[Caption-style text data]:
# # # # # # #

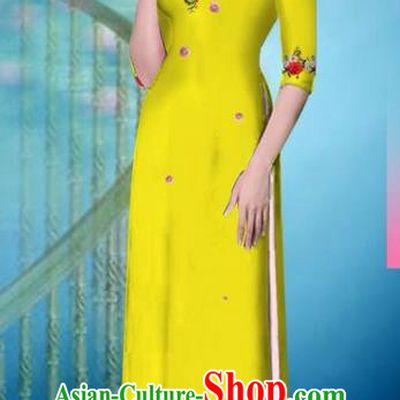Traditional Top Grade Asian Vietnamese Ha Festival Printing Model Ao Dai Dress, Vietnam National Jing Nationality Princess Yellow Cheongsam Costumes for Women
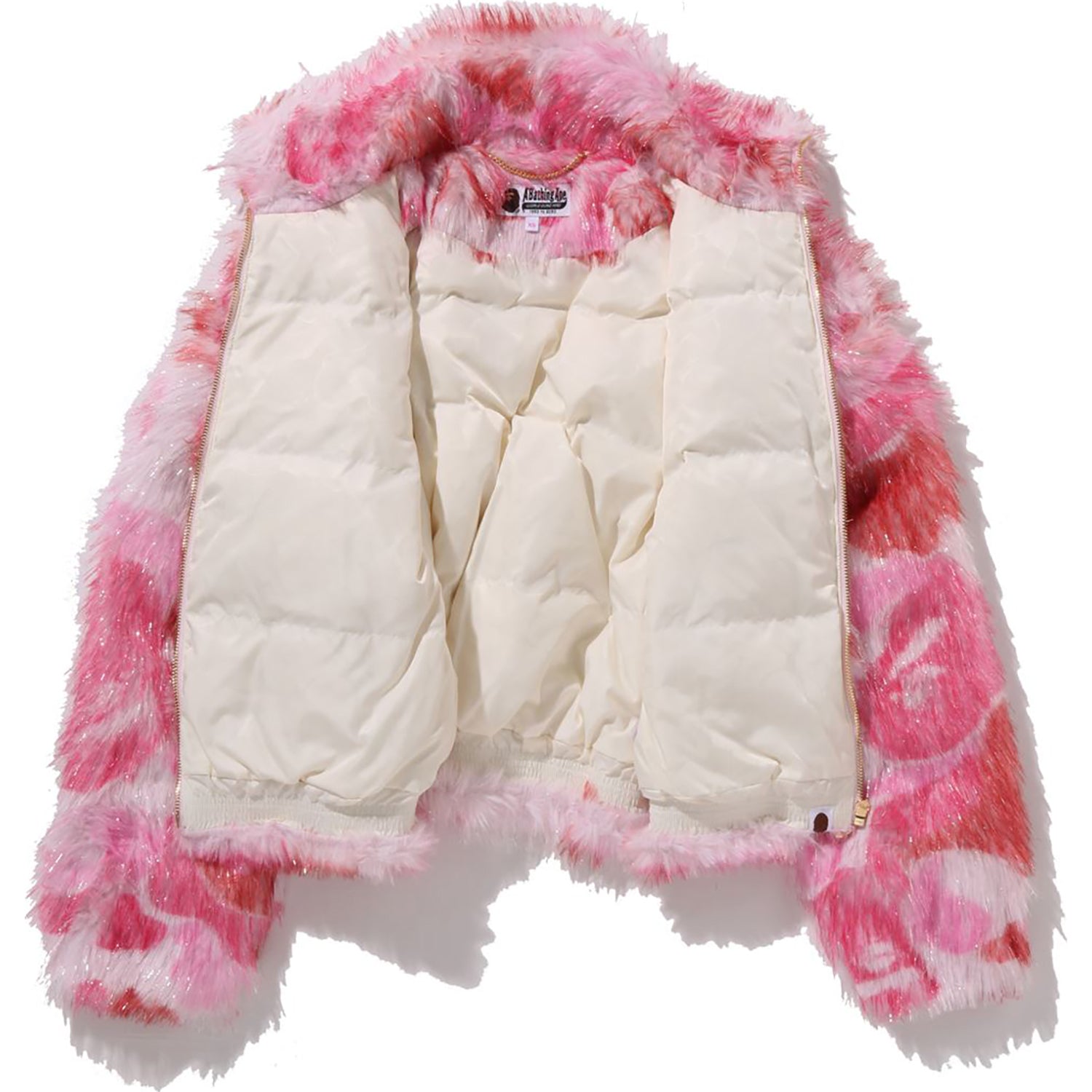 ABC CAMO ONE POINT METALLIC LONG FUR JACQUARD DOWN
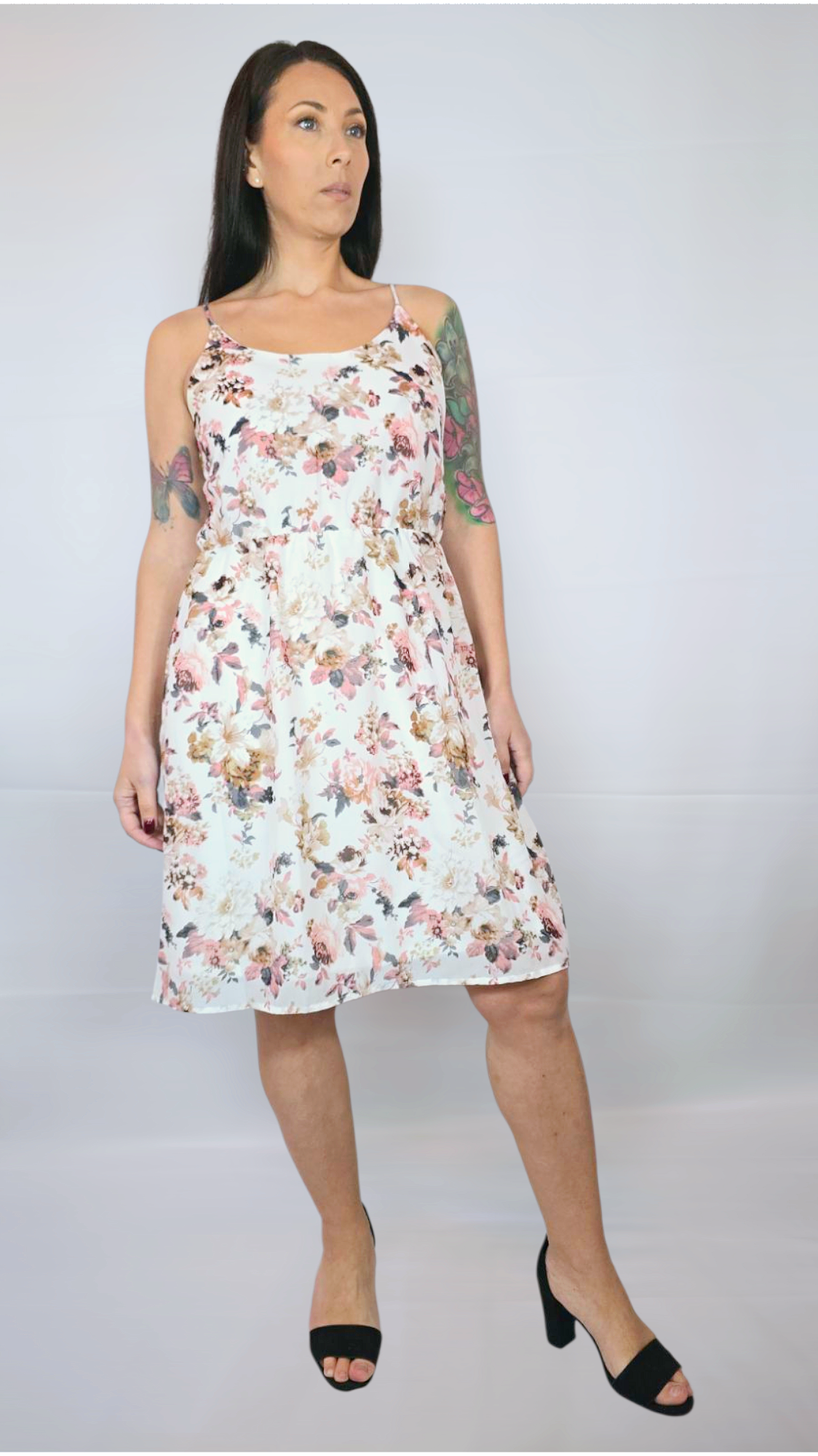 Klänning, Vit Blommig, 38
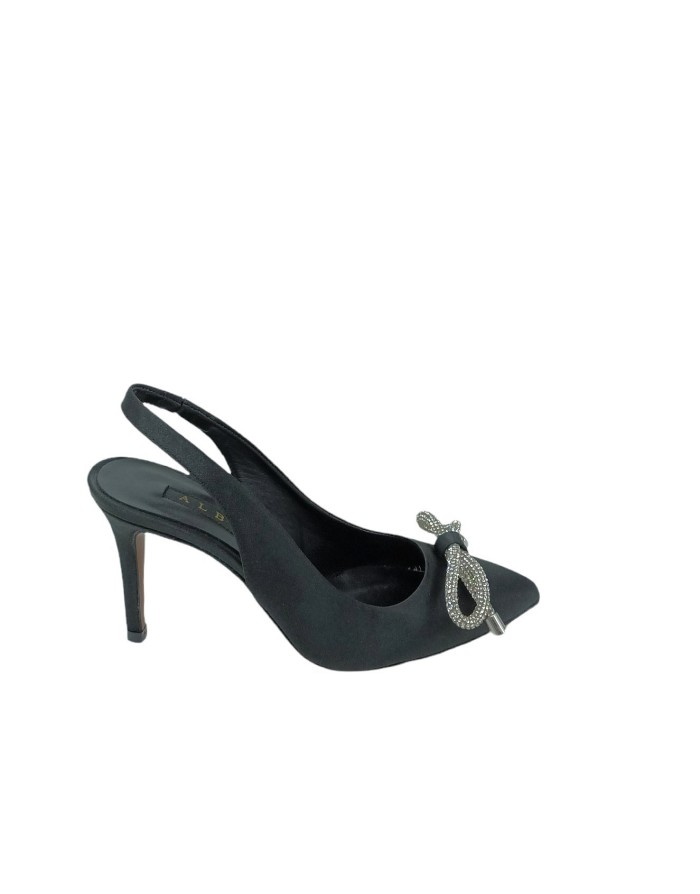 ALBANO A3156, CHANEL IN RASO COLORE NERO CON FIOCCO IN STRASSE CRISTAL, TACCO FASCIATO 9CM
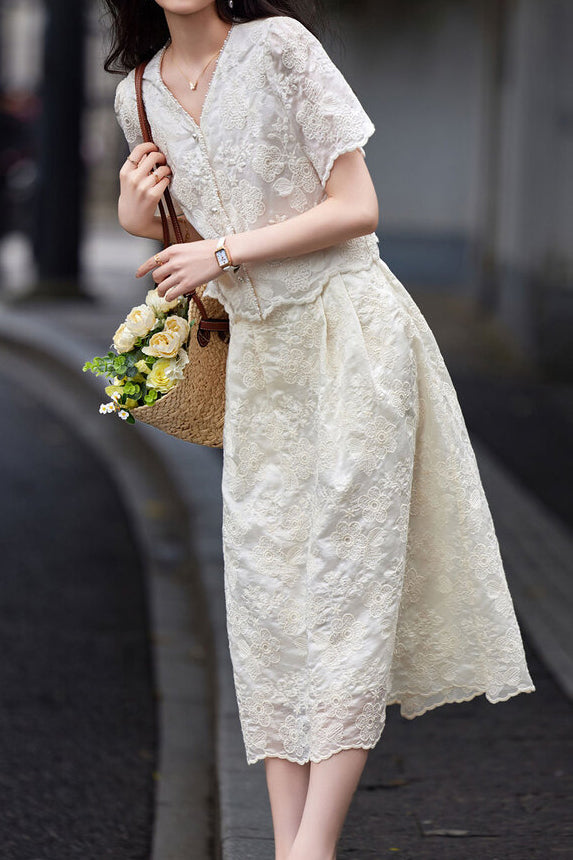 Elegant Embroidered Skirt Set - liwisi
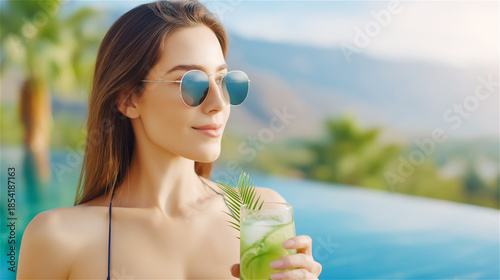 Young adult woman relaxing by an infinity pool, wearing sunglasses and holding a green tropical drink. Summer vacation lifestyle with calm mood, sunshine and leisure outdoors.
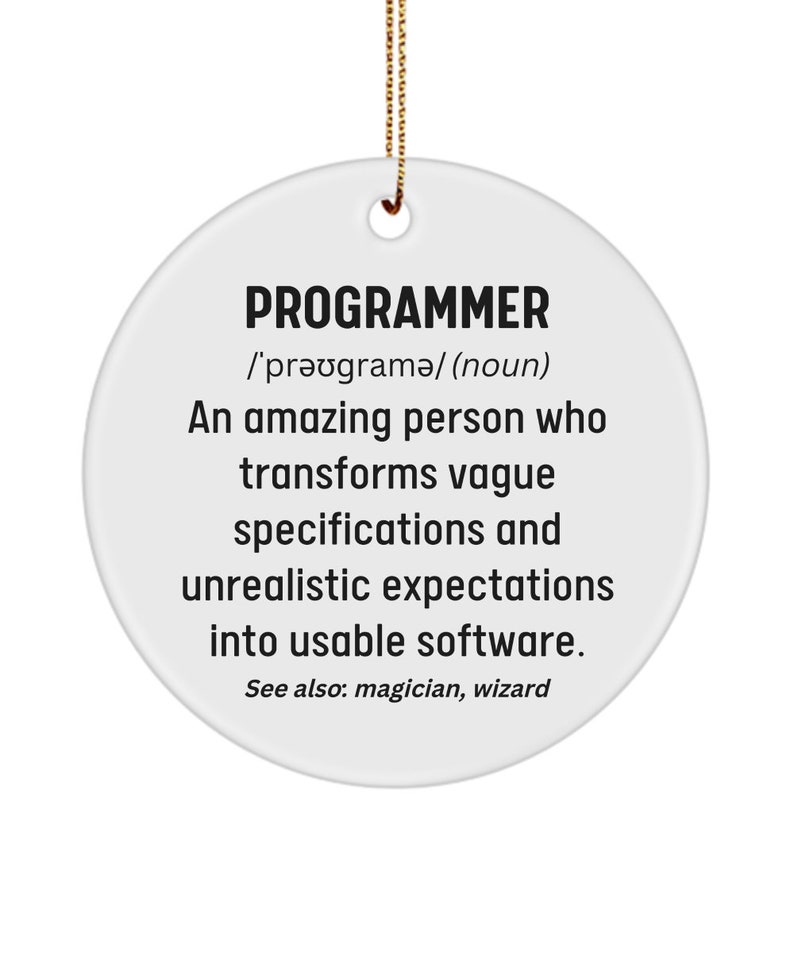 Programmer Gift, Computer Programmer Ornament, Programming Student Christmas Ornament, Funny Programmer Definition Gift, Office Decor Gift image 2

# # # # # # #

[BRIEF]: From the line containing "ABC CAMO ONE" to the end of the data above, give those lines again verbatim, with both endpoints included and no images.

[ANSWER TO THIS EXERCISE]:
 ABC CAMO ONE POINT METALLIC LONG FUR JACQUARD DOWN
 Klänning, Vit Blommig, 38
 ALBANO A3156, CHANEL IN RASO COLORE NERO CON FIOCCO IN STRASSE CRISTAL, TACCO FASCIATO 9CM
 Elegant Embroidered Skirt Set - liwisi
 Young adult woman relaxing by an infinity pool, wearing sunglasses and holding a green tropical drink. Summer vacation lifestyle with calm mood, sunshine and leisure outdoors.
 Programmer Gift, Computer Programmer Ornament, Programming Student Christmas Ornament, Funny Programmer Definition Gift, Office Decor Gift image 2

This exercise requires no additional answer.